In La Multitud, Martín Oesterheld looks at two derelict entertainment complexes in Buenos Aires built during different dictatorships, nowadays mainly traversed by migrants living in the area: a city shown from its ends.

Rosario Talevi is an architect based in Berlin. She is a graduate of the University of Buenos Aires and former DAAD fellow. Her practice incorporates pedagogical, editorial and curatorial projects relating to contemporary architecture and urbanism.
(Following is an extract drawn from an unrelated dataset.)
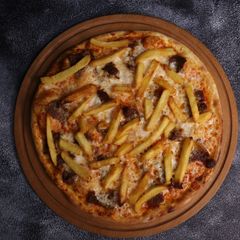 Sun Brothers Pizza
Director Angelika Levi Germany 2010

84 min., OV with English subs

Followed by a talk with Angelika Levi

Absent Present

Benji was brought to the GDR from Namibia as a small child in 1979 and was sent back there after the reunification. Angelika Levi met him in 1991 during filming in Namibia. Two years later Benji is hitchhiking towards Europe. Absent Present sketches out stations in Benji’s life and looks for reasons and causes for his sudden disappearance. A search that becomes a starting point for a journey to different places characterised by continuous departure and arrival.
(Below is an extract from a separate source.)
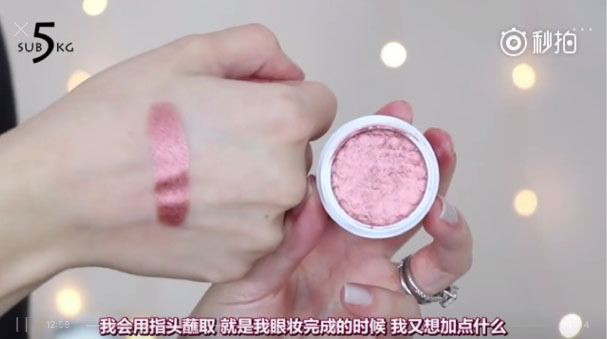 colourpop值得入手的产品,colourpop适合黄皮的高光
Angelika Levi is a filmmaker, dramaturgist, editor and lecturer. Since 1985, Levi's films have been shown at international film festivals, in exhibitions and in cinemas and have won several awards. On 5th September her film My Life part 2 (2003) will be screened at the Festival Archival Assembly in Berlin.
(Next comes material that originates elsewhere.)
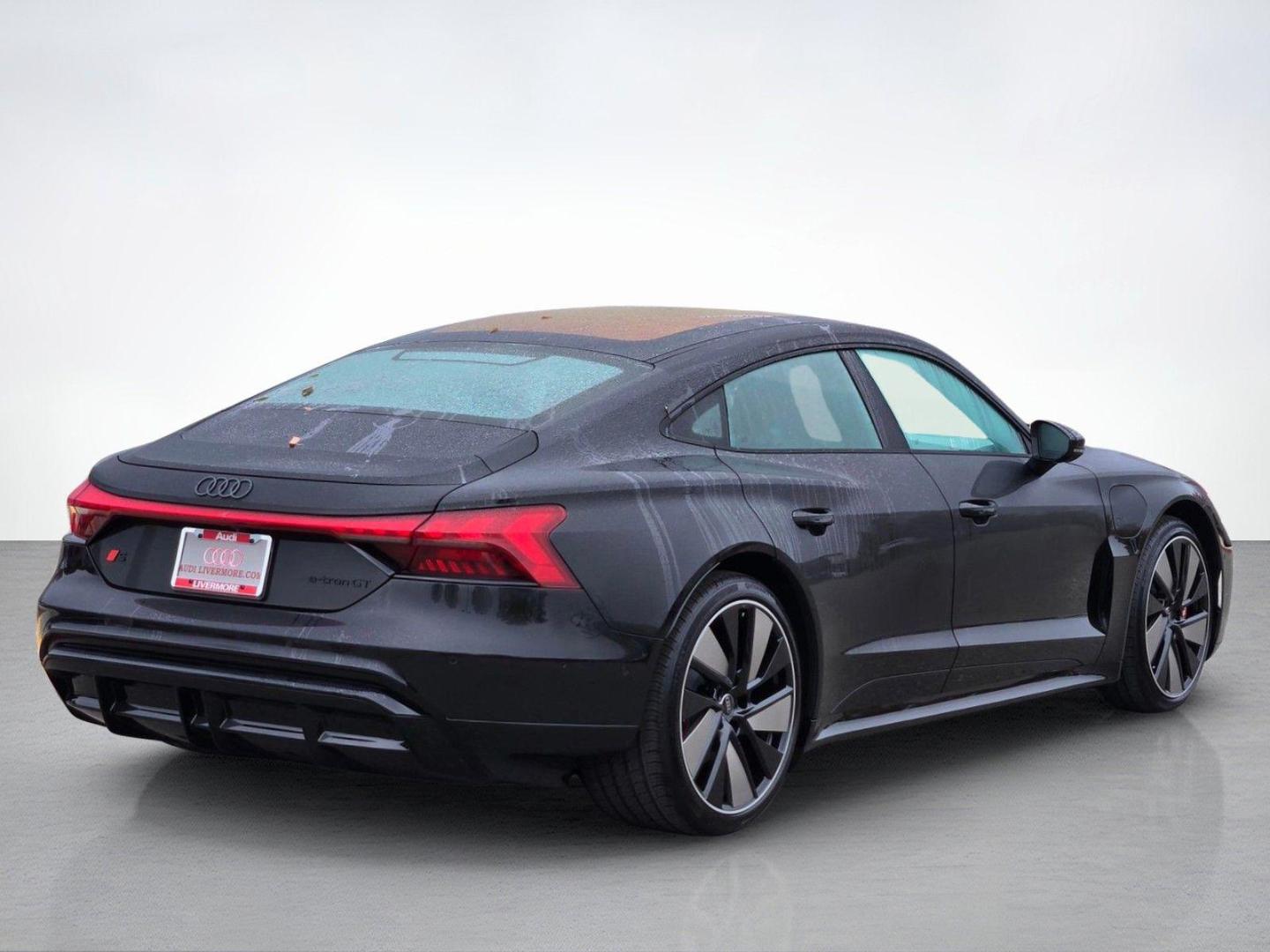 2026 Audi S e-tron GT Premium Plus - Photo 6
Director José Luis Torres Leiva Chile 2016

103 min., OV with English subs

Followed by a talk with Víctor Cubillos

The Winds Know I'm Coming Back Home

In the 1980s a young couple disappeared in Chiloé, an island in the south of Chile. The myth surrounding the story inspires the acclaimed Chilean director Ignacio Agüero to make a film about it. Years later, Agüero travels to Chiloé in search of locations and actors. José Luis Torres Leiva accompanies Agüero in his documentary, discovering the special character of the landscape while revealing the connection between small events and major social and political traumas.

Victor Cubillos studied Journalism in Santiago de Chile and Film Theory at FU Berlin. In 2012, he founded CasaVera Films. He has produced and directed the mockumentary April 31st and Morales, el reformador.